Will’s another matter. Sure, he could dash off to a distant castle to cool down or split to a friendly country and engage in some good will tour among former subjects.
But, in this case, being Good Will seems unlikely to ease tension. In fact, always being Good Will is apt to increase it.
He’s not like the rest of us. He can’t storm out of the house and down to the pub to unload on marital difficulties as so many commoners do. Really, a little distance with some friends puts everything in perspective.
If it’s tense at home, I often like to head to the bar, have a pint and engage in distracting arguments with my buddies about pointless things like why the Pirates stink.
The pressure Will and Kate are enduring already seem crushing. I never cease to be amazed at the pressures young couples bestow on themselves by hosting enormous weddings -- and by enormous I mean ones involving about 200 guests -- not guests from 200 countries, as is being reported will attend.
But they have their silly protocols. It’s a national event, one that’s swept around the world in an appalling hype tsunami.
I have vain recollections about our 1996 wedding. It was perfect.
We had a small family wedding in our little church, then a quiet dinner with family at one of our favorite restaurants.
Then the next day we had an “All Honest Strangers Welcome” pig roast at a local picnic park.
Anyone was welcome who would by attending pledge to at least try not to steal our stuff.
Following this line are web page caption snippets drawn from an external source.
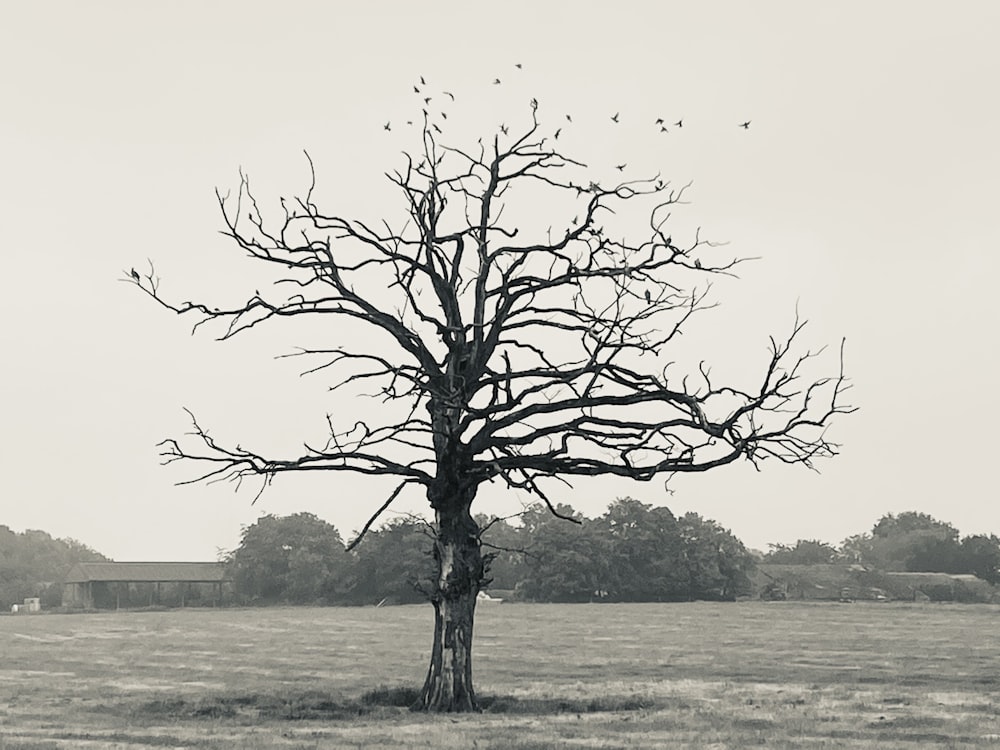 Blattloser Baum auf grünem Grasfeld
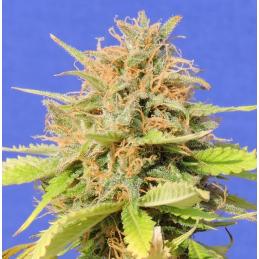 Girl Scout Cookies Auto ORIGINAL SENSIBLE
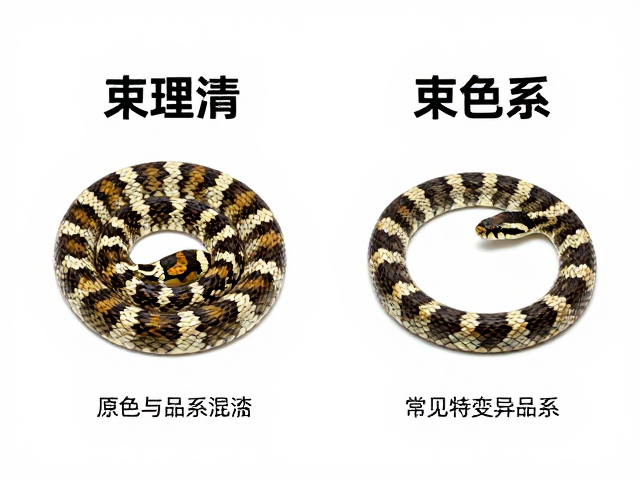 束带蛇原色与品系混淆?一文理清颜色特征与鉴别要点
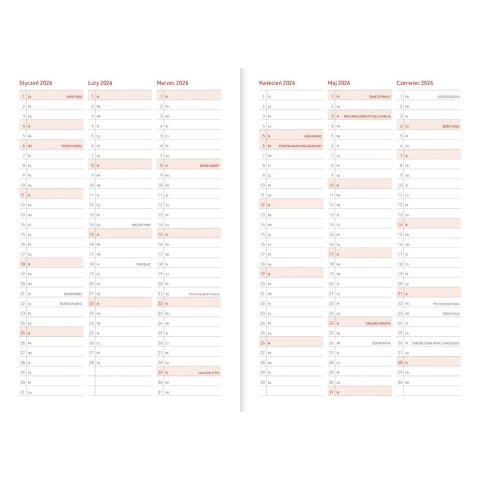Kalendarz nauczyciela książkowy (terminarz) PCV BEZBARWNY terminarz nauczyciela B5 Wydawnictwo Wokół Nas (KWIATY)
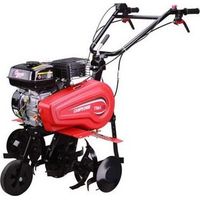 Motoculteur thermique 6,5 CV – Moteur 4 temps ECO200 – Largeur de travail 60-80 cm – 24 couteaux de 25 cm pour préparation du sol - tm-450g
We found that people, even outlaws, are generally respectful if you tell them they’re welcome to party, get pie-eyed, and eat for free if they agree to not steal towels, envelopes or glassware from the gift table.
I guess about 250 friends and honest strangers showed up.
That’s where one of my old friends pulled me aside and told me to always argue naked.
While I’ve never applied the wisdom to my own marriage, I have without fail passed it on to every bride and groom I’ve met since that splendid September day.
One of these days I really ought to try it with Val. But it’s a nerve-rattling proposition for a shy sort of guy like me.
Maybe I ought to test drive it elsewhere first.